By the way, Serial1 on both M-SoM and Photon 2 does not use DMA, it uses interrupt mode.

DMA mode is used on the cellular modem UART on M-SoM and Serial2 on Photon 2.

I was able to solve the issue by:

  1. increasing the yield delay() calls in the BackgroundPublishRK library from 1 ms to 100 ms –> delay(100)
  2. I refactored my app’s code where it waits for serial response to have a doubled nested while(Serial1.available()) loop with delay(1) between loop evaluations. This ensures that when my application’s thread finishes unloading from Serial1, it waits for more serial bytes to come in (defers to Particle Device OS thread) before moving on to higher-order packet processing chores.
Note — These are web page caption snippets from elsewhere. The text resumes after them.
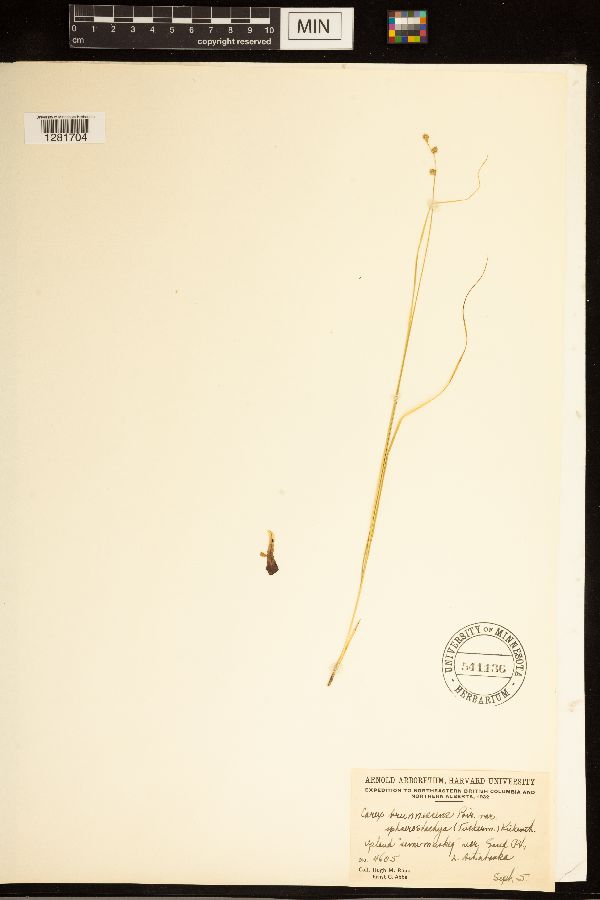 Carex brunnescens subsp. brunnescens image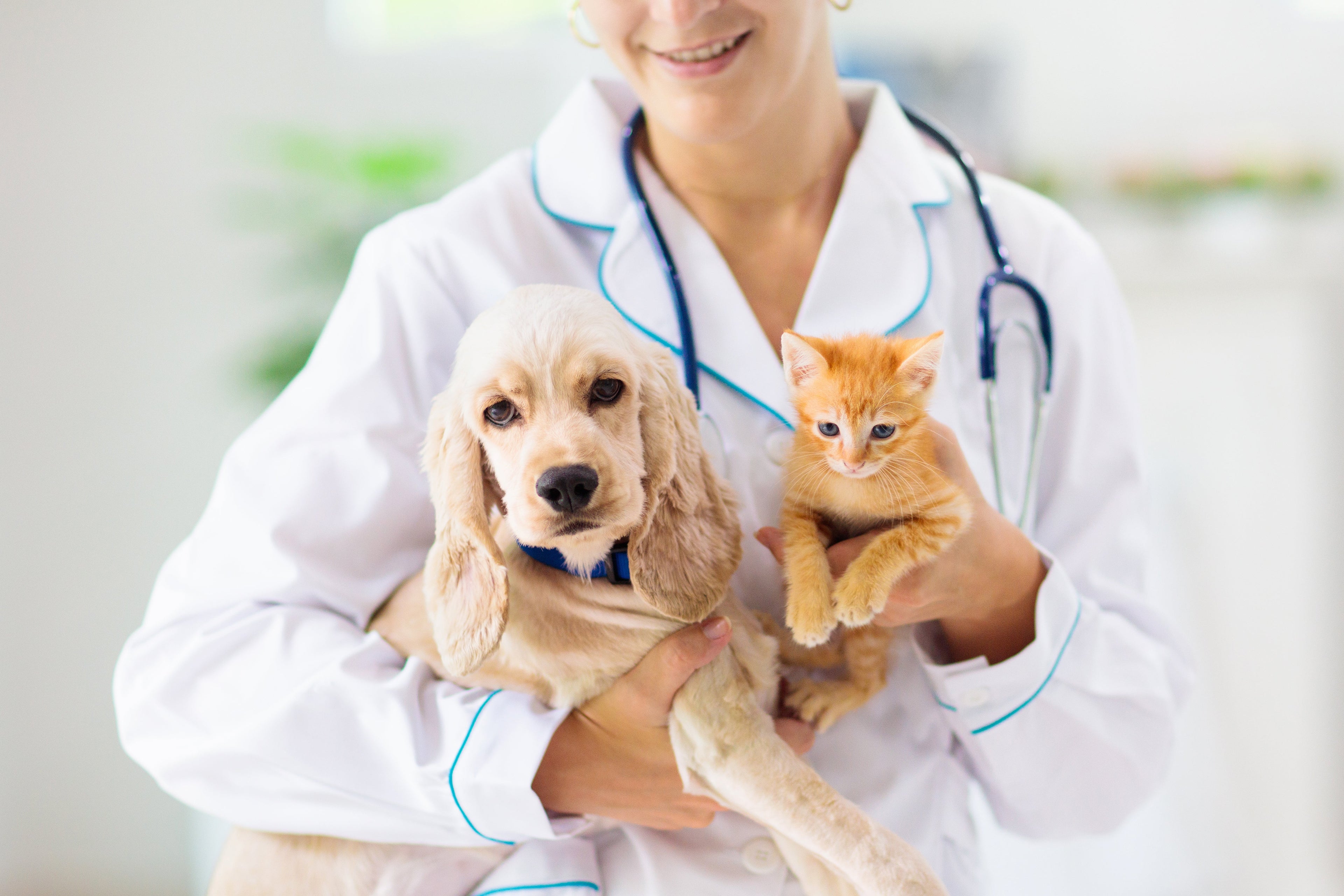 Medicinal Mushrooms for Pets: A Complete Beginner's Guide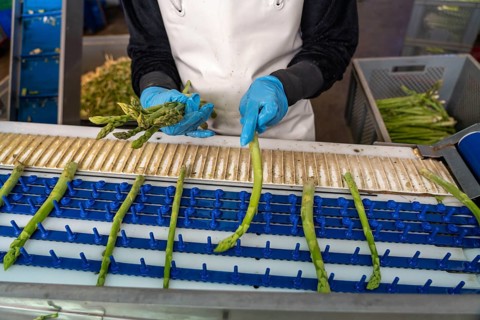 Asparagus farm, green asparagus is washed, cut and sorted by quality after harvesting, near
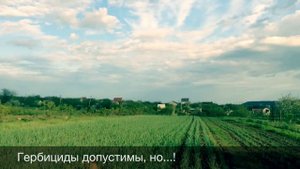 Прополка чеснока. Культиваторы для прополки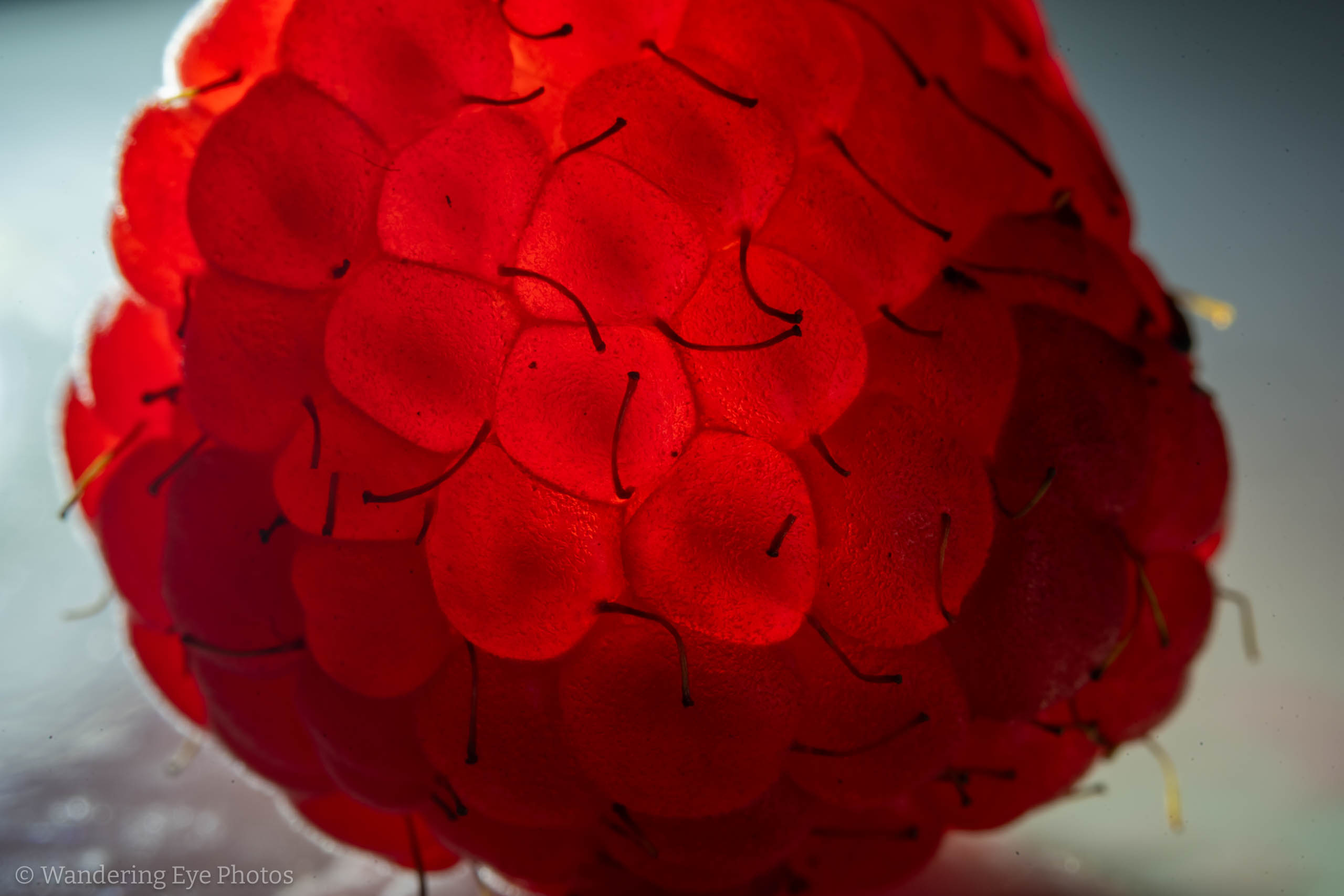 10.29 17.12.46   DSC09186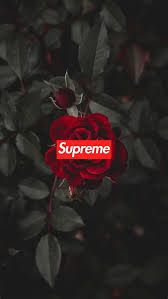 Funny xbox gamerpics gamer pictures 1080x1080 posted by christopher anderson download meme png gif base cool wallpapers on wallpaperdog. Roses Gamerpic Grunge Tumblr Aesthetic Red Redaesthetic Rose This Means You Can Customize Your Xbox Lekisha Dally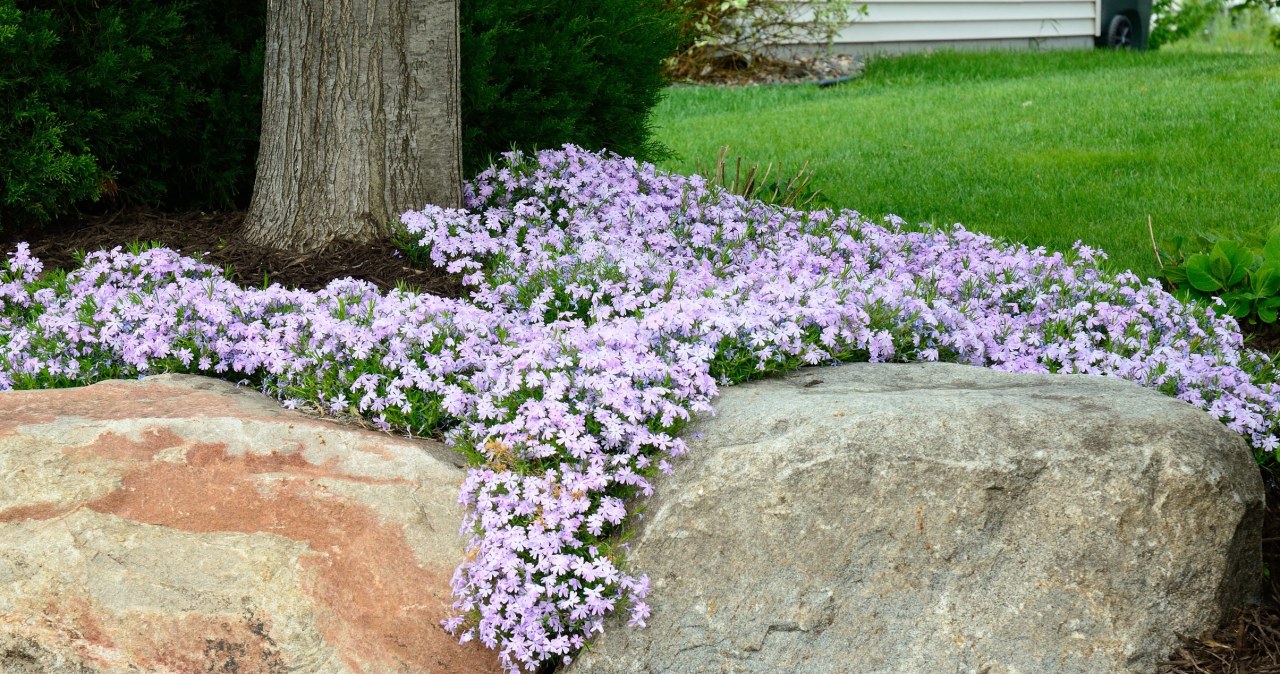 Trik ogrodników, który działa lepiej niż pielenie. Chwasty znikają same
This effectively makes my application thread just unload the Serial1 class via read() calls, with deference to the Particle Device OS thread in between.

The net result is that the Particle Device OS thread now likely runs the vast majority of the time that we are waiting for bytes, (likely > 75% of the time?) whereas before it was only running 1/3 of the time (sharing runtime equally with the other two threads).

3 Likes

This topic was automatically closed 30 days after the last reply. New replies are no longer allowed.